Recent work by Nisbett, Walmsley and McDowell on abusive leadership raises an interesting question with particular resonance in the cultural sector: whether leadership and moral leadership are synonymous. 

Capricious leaders are both effective and commonplace. As Barbara Kellerman argues, “leadership is not a moral concept, and it is high time we acknowledged that fact … To assume that all good leaders are good people is to be wilfully blind to the reality of the human condition”. 

Flawed leadership is commonplace, and the superhuman literature on leadership which frequently emanates from the management field does little to ameliorate this. Too frequently, the word ‘leader’ is associated with human qualities above and beyond any recognised norm. 
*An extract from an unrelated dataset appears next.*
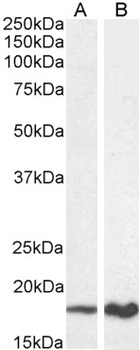 App Antibody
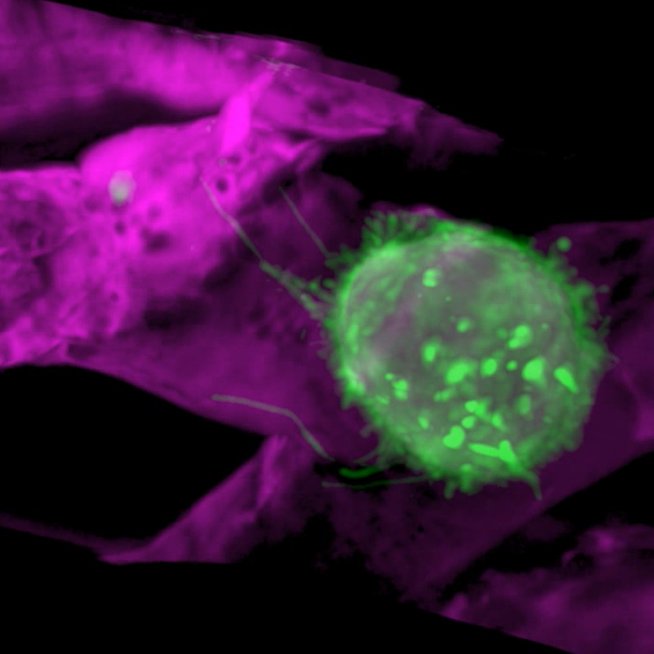 Our laboratory uses zebrafish to answer fundamental questions regarding stem cell biology, tissue morphogenesis, and mechanisms of cancer metastasis.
In this sense, it sets people up for failure. Indeed, the hyperbolic language of leadership – of ‘peak performance’, ‘transformational leadership at the world class level’, ‘visionary leadership’ – suggests leadership cannot be commonplace. We should also be mindful that much of the initial canon on business leadership was written by men with direct experience of war.

Cultural leadership in practice

To address these issues, the book brings global leaders in the cultural field into dialogue with academics and experts to offer profound insight and perspectives on the complex issues the cultural sector faces in a rapidly accelerating and destabilising twenty-first century context.

The book engages directly with leaders in the arts and cultural sector, bridging the gap between academia, policy and practice. Each chapter sheds new light on national cultural policy contexts, offering different perspectives on arts subsidy, audiences, the cultural workforce, heritage, artform development and how cultural leadership functions in a fast-changing local, national and international context. 

The book includes interviews with a range of figures from the cultural sector - from the Royal Opera House, BMW, Bloomberg and Onassis Foundation and from a range of countries including the UK, Germany, Chile, Singapore, Greece, USA, Serbia and Ireland, giving a global overview of leadership from people who are open to question, critique and challenge.

Interviews were conducted by academics and experts with significant knowledge and understanding of the arts management and cultural policy field, who ask critical and probing questions. Each chapter offers a fascinating insight into the mind of a leader in their field, with experience ranging from huge participatory events featuring tens of thousands of people to the visual arts, opera, the Turner Prize and the #blacklivesmatter movement.

While we may now be seeing the convergence of neoliberal austerity and the structural issues specific to the arts reaching a denouement as an exodus of artistic directors hits the sector, there is still much to learn from those cultural leaders navigating this hostile terrain.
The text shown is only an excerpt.